Bring tender perennials indoors

Charmian Christie

Keep tender perennials year after year by overwintering

Because tender perennials can't survive harsh Canadian winters unassisted, many people treat them like annuals, buying new plants year after year. But with a little care and the right conditions, you can overwinter tender perennials for years, saving money and earning a sense of horticultural pride.

Just what are tender perennials? Some are showy flowers with fleshy underground rhizomes, while others are familiar garden herbs suited to a warm, dry Mediterranean climate. Overwintering these somewhat delicate plants isn't difficult, but the technique varies with the root system.

Bulbs and tubers and corms, oh my!
Cannas, dahlias, gladiolas, and tuberous begonias are the most common flowering tender perennials.

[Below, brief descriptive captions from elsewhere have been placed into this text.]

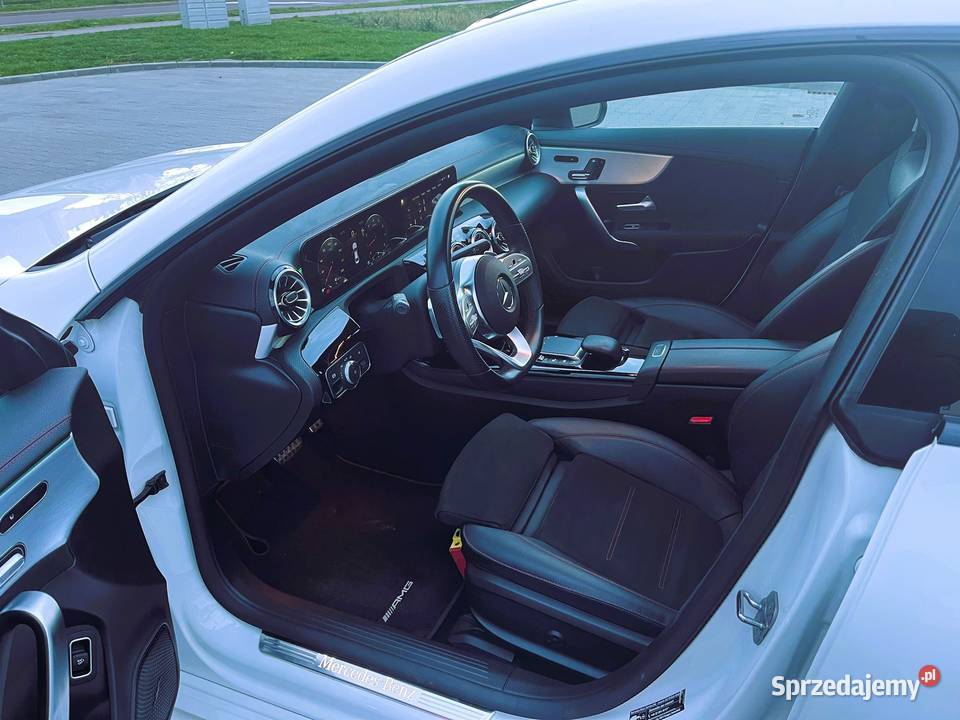 MERCEDESBENZ CLA 200 FAKTURA VAT 23 biały CLA lubelskie Łuków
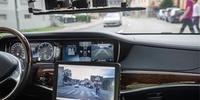 Tecnologias de radar e lidar a bordo dos sofisticados Mercedes AMG
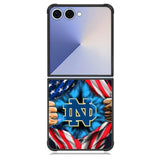 notre dame fighting irish flag X02249 Samsung Galaxy Z Flip 7 Case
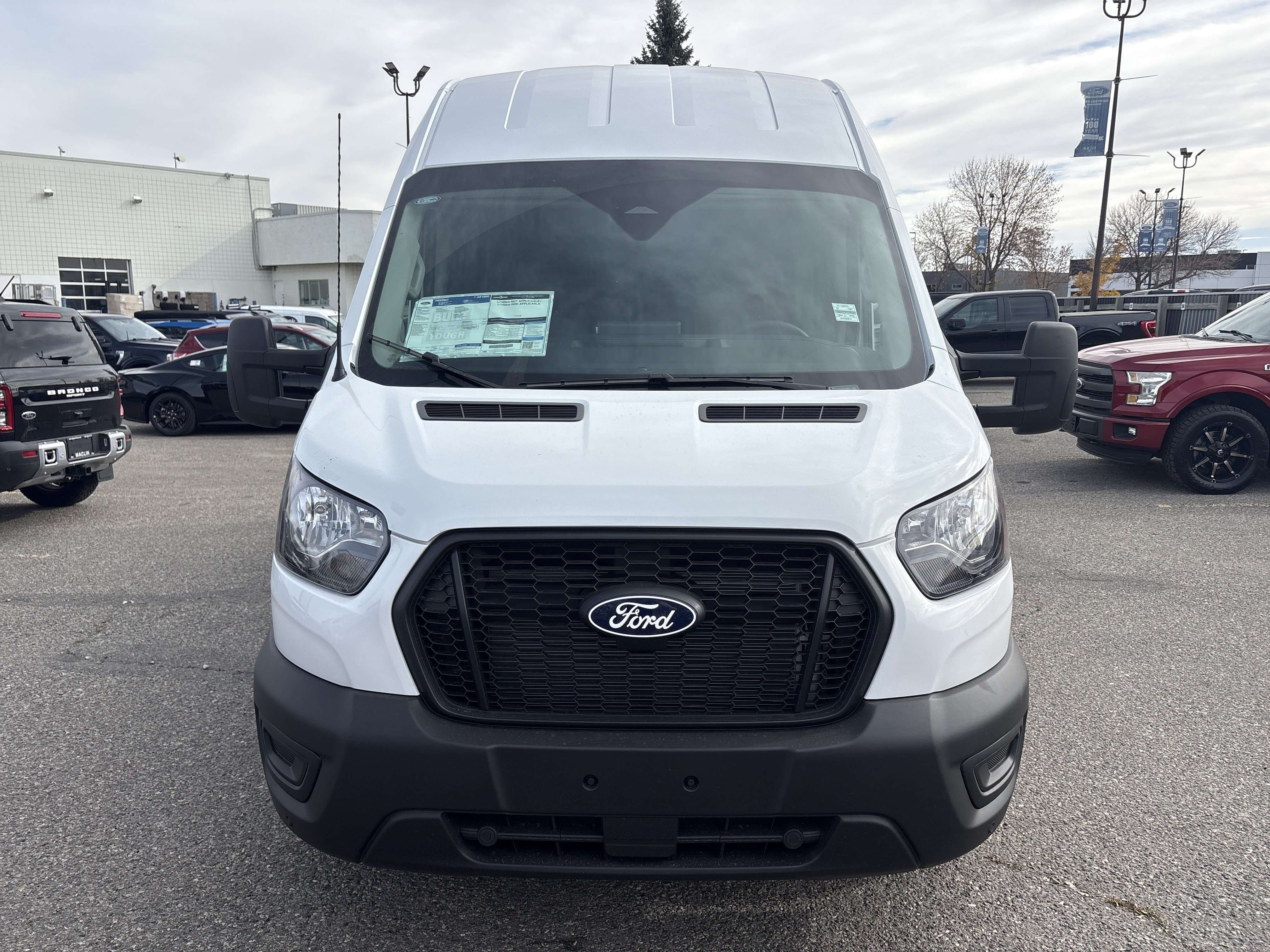 2027 Ford Transit Cargo Van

Whether they grow from a bulb, corm or tuber, all these flowers require the same basic care to overwinter.

The secret is timing: Frost kills active growth, so leave the plants in the ground until after the first light frost. But don't wait too long: A hard frost can kill some tender perennials, and once the plant goes dormant, rot-causing microbes can quickly attack. After the first frost, trim the foliage to a few inches from the ground. Carefully dig up the root bulb and inspect it for signs of insects or fungus. Only overwinter healthy plants.

Allow the bulb, corm or tuber to dry inside where it's warm for a couple of weeks. Ensure the drying area has good air circulation. If the plant is a corm (like gladiolus), remove the dried foliage and cut off the old corms from the bottom. Once dried, bury in either dry sand, sphagnum peat moss or vermiculite.

The right temperature—between 7°C and 10°C—is key, since normal room temperatures are too hot. To provide the critical rest the plants need, store them in an unheated spare room or basement area. A root cellar is ideal.